Mafia bombt Geheimdienst in die Luft

Vor dem Gebäude des kolumbianischen Geheimdienstes DAS detonierten über 100 Kilogramm Dynamit Über 40 Tote / Drogenmafia besteht auf Volksabstimmung über Auslieferung inhaftierter Drogenbosse  ■  Aus Bogota Ciro Krauthausen

Der Sicherheitsbeamte hockt zwischen den Trümmern und blickt fassungslos auf die zerstörte Fassade des elfstöckigen Gebäudes. Auch ihn hätte der Tod an diesem Morgen erwischen können. Ein paar Meter weiter schauen Polizisten und Sanitäter bedrückt in einen Bombenkrater von etwa zwölf Meter Durchmesser und vier Meter Tiefe: Hier explodierte am Mittwoch morgen um 7 Uhr 15 eine in einem Lieferwagen deponierte Sprengladung von über 100 Kilogramm Dynamit. Bilder des Grauens: Untersuchungsrichter, die ihre alten Schreibmaschinen auf Autowracks gestellt haben und Protokolle über die zerfetzten Leichen aufsetzen. Ganze Straßenzüge im Westen der Hauptstadt Bogota sind verwüstet.
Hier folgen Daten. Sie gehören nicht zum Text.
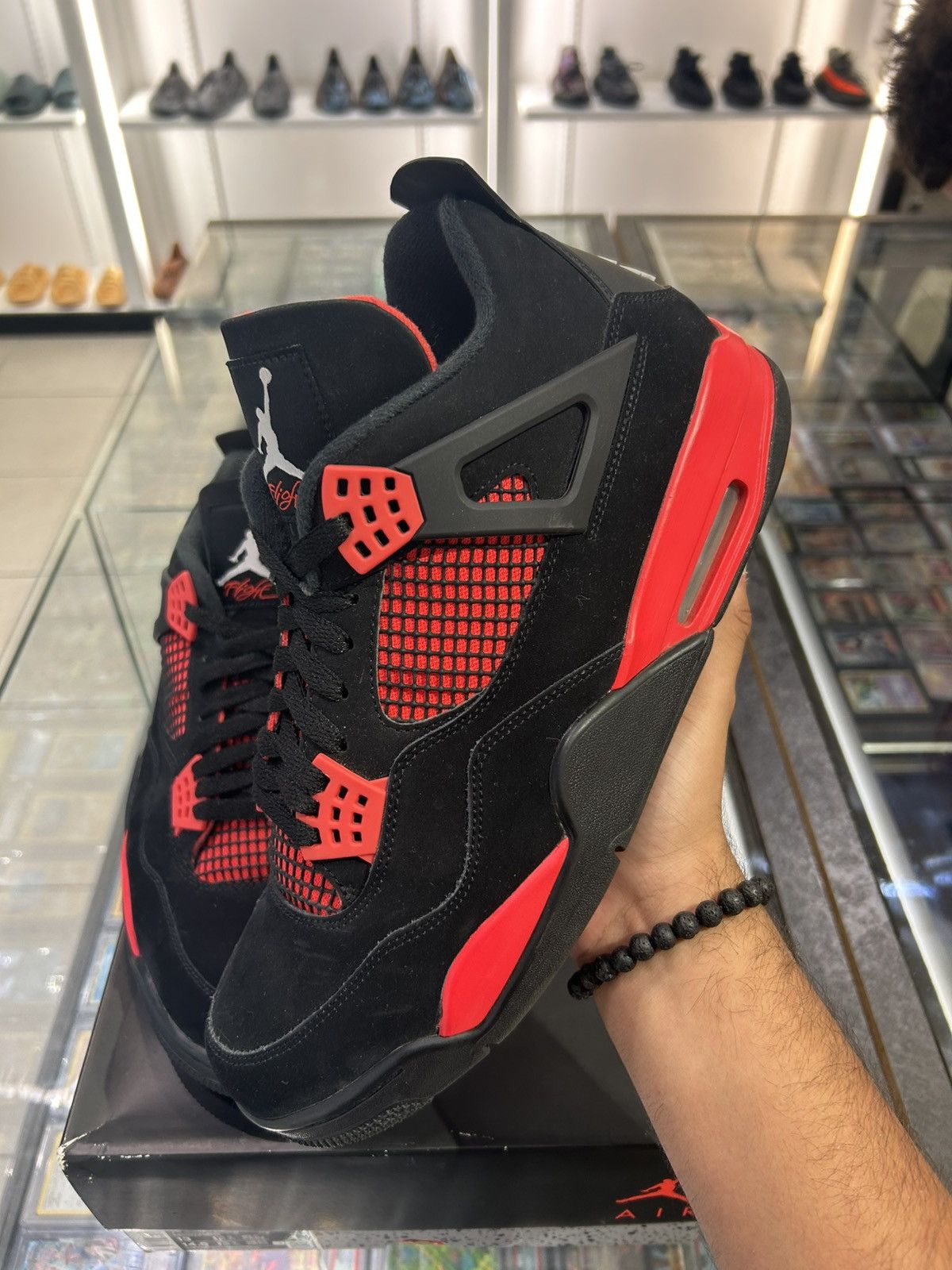 Jordan Brand Jordan 4 Red thunder Size US 13 / EU 46 - 2 Thumbnail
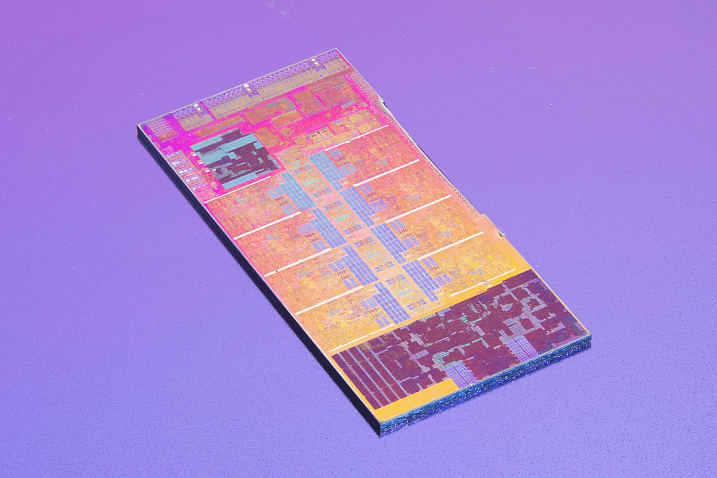 Первые снимки внутреннего строения кристалла процессоров Intel Rocket Lake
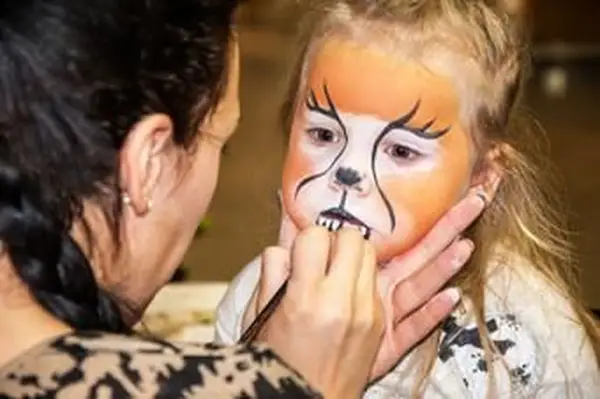 고양이 얼굴을 그린 소녀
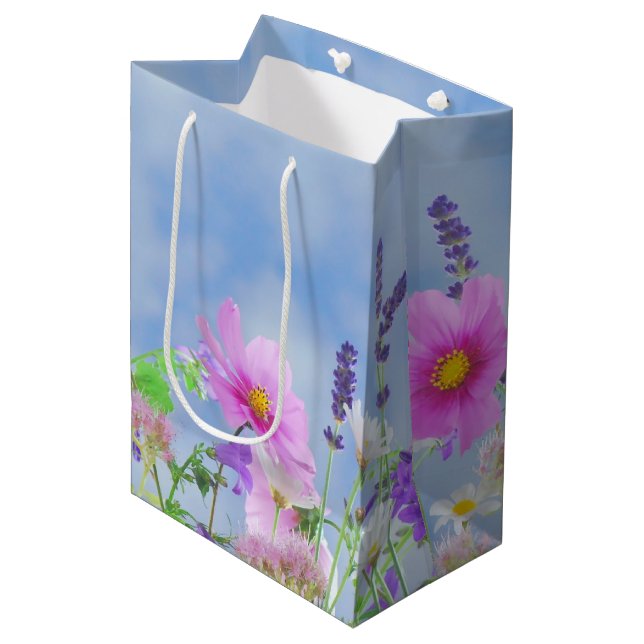 Schöne Frühlingswildblumen Mittlere Geschenktüte (Vorderseite Schrägansicht)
Über 40 Tote - Straßenverkäufer, PassantInnen und Sicherheitsbeamte - und 365 Schwerverletzte forderte am Mittwoch der mutmaßlich von Kokainbossen verübte Sprengstoffanschlag auf die Einrichtungen des kolumbianischen Geheimdienstes DAS. General Miguel Maza Marquez, Chef des DAS und einer der engagiertesten Widersacher der Drogenmafia in Kolumbien, überlebte in seinem gepanzerten Büro. Schon einmal, im Mai dieses Jahres, war er nur knapp einem Bombenanschlag entkommen. Im Kampf gegen die Drogenmafia sei der DAS alleingelassen worden, bemerkt bitter ein Mitarbeiter. Seit dem vergangenen Jahr veröffentlichte der Geheimdienst Untersuchungsberichte, in denen Verbindungen zwischen rechtsradikalen Todesschwadronen, der Drogenmafia und Teilen des Militärs aufgedeckt wurden. Auch entdeckte der DAS die Beteiligung israelischer Söldner am Training kolumbianischer Killer. Noch im Oktober bezichtigte General Miguel Maza Marquez den Kokainbaron Gonzalo Rodriguez Gacha, an der Ermordung des liberalen Präsidentschaftskandidaten Luis Carlos Galan im vergangenen August beteiligt gewesen zu sein. Das jüngste Attentat war also vorhersehbar - tragisch wirkt da, daß der mit Sprengstoff bepackte Wagen gleich gegenüber dem DAS -Gebäude im absoluten Halteverbot abgestellt werden durfte.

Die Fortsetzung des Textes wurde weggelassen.